Den halben Tag und einen Teil der Nacht standen die Eltern mit ihren Kindern hinter Gittern, umweht von den galaktischen Fanfaren, die ein Orchester auf der großen Freitreppe stundenlang immer wieder intonierte, bevor schließlich der gefährliche Atem des Darth Vader aus seiner hohlen Stahlmaske die Croisette tausendfach verstärkt akustisch überzog. „Star Wars - Revenge of the Sith“ wird mehr Geld einspielen als alle anderen Filme zusammen, die in Cannes vorgestellt werden. Sogar das trockene Branchenblatt „Variety“ kam darüber ins Grübeln.

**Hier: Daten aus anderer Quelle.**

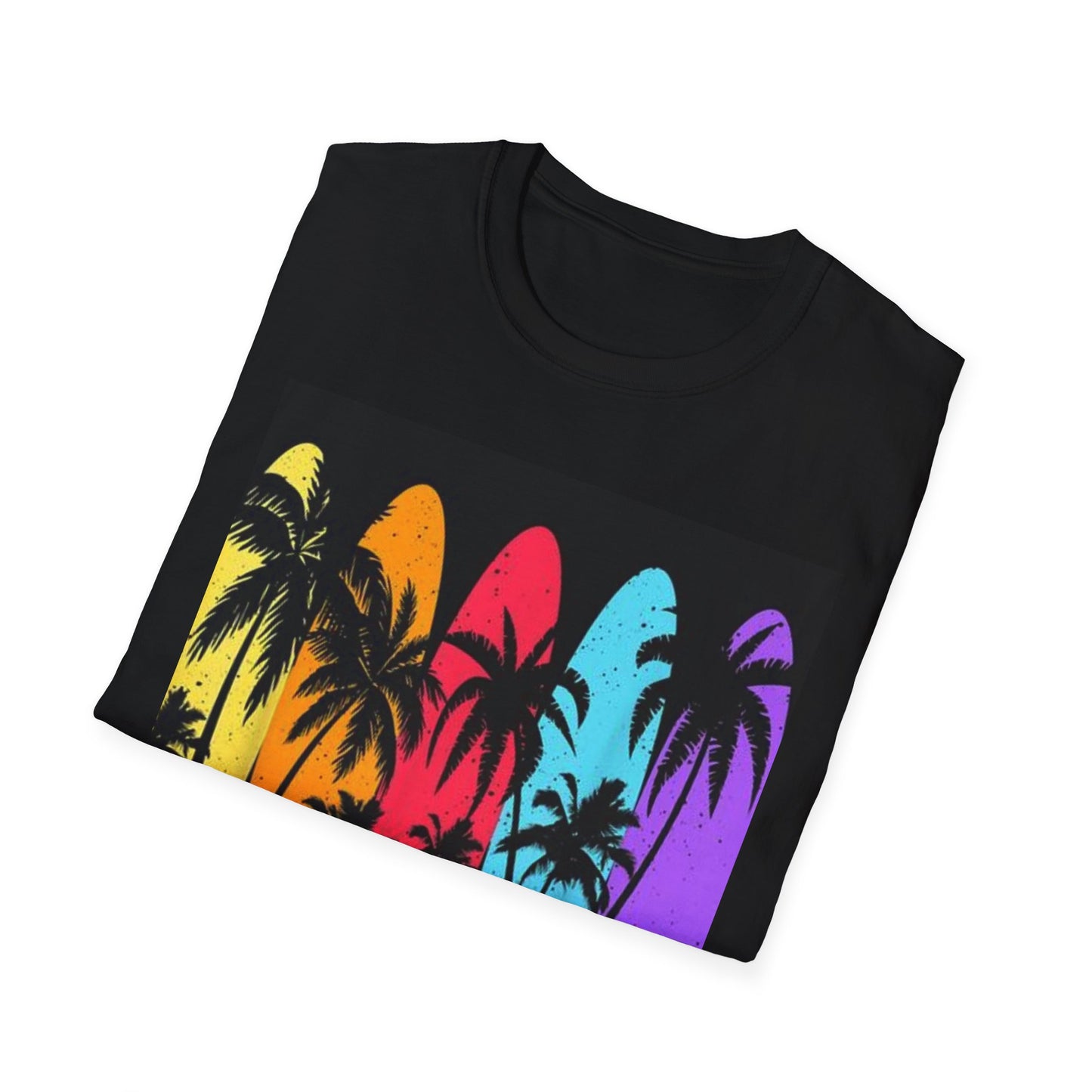 Aloha Surfing Vibe Unisex Softstyle T-Shirt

Die Familie im Mittelpunkt

Während sich vor dem Festivalpalast die Familien trafen, um gemeinsam zu jubeln, fielen sie auf den Leinwänden auseinander, mit mehr oder weniger Getöse. In nahezu jedem Film, der am Wochenende im offiziellen Programm zu sehen war, stand eine Familie im Mittelpunkt, doch über keine, selbst wenn es anfangs manchmal noch so aussah, läßt sich etwas anderes erzählen als die Geschichte ihres Zerwürfnisses. Die Gründe dafür sind nicht so vielfältig, wie man vielleicht denken könnte.

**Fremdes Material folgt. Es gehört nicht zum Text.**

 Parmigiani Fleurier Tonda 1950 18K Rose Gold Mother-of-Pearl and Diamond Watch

Bei Marco Tullio Giordana, der mit seinem „Quando sei nato, non puoi piu nasconderti“ (etwa „Wenn du einmal geboren bist“) im Wettbewerb konkurriert, ist es die Konfrontation mit der Dritten Welt, die ein norditalienisches Idyll reicher Leute zum Einsturz bringt, bei Michael Haneke in „Cache“ (Versteckt), ebenfalls im Wettbewerb, in gewisser Weise auch. David Cronenberg läßt es ganz klassisch die Vergangenheit sein, die einer Familie den Boden wegzieht (“History of Violence“), und der Mexikaner Carlos Reygadas zeigte von Anfang an in „Batalla en el cielo“ (Kampf im Himmel) nur Vereinzelte, die miteinander verwandt waren. Außer bei Haneke war überall sehr viel Sex zu sehen und außer bei Giordana auch sehr viel Blut.

Wirre Gemengelage

Carlos Reygadas eröffnet seinen Film mit einer Fellatio. Viel war zuvor über den skandalösen Charakter seiner Sexszenen geredet worden. Skandalös wegen ihrer grafischen Deutlichkeit, wegen der unschönen Körper, die der Film zeigt, und wegen des sozialen Gefälles, ist es doch hier eine Generalstochter, die dem Chauffeur ihres Vaters durchaus freiwillig zu Diensten ist. Doch ein Skandal wurde es dann doch nicht. Eher machte sich eine gewisse Hilflosigkeit breit angesichts dieser teilweise äußerst wirren Gemengelage aus mexikanischem Sittenbild, Stadtansichten, einer Geschichte um eine Kindsentführung mit Todesfolge und der Suche nach Erlösung.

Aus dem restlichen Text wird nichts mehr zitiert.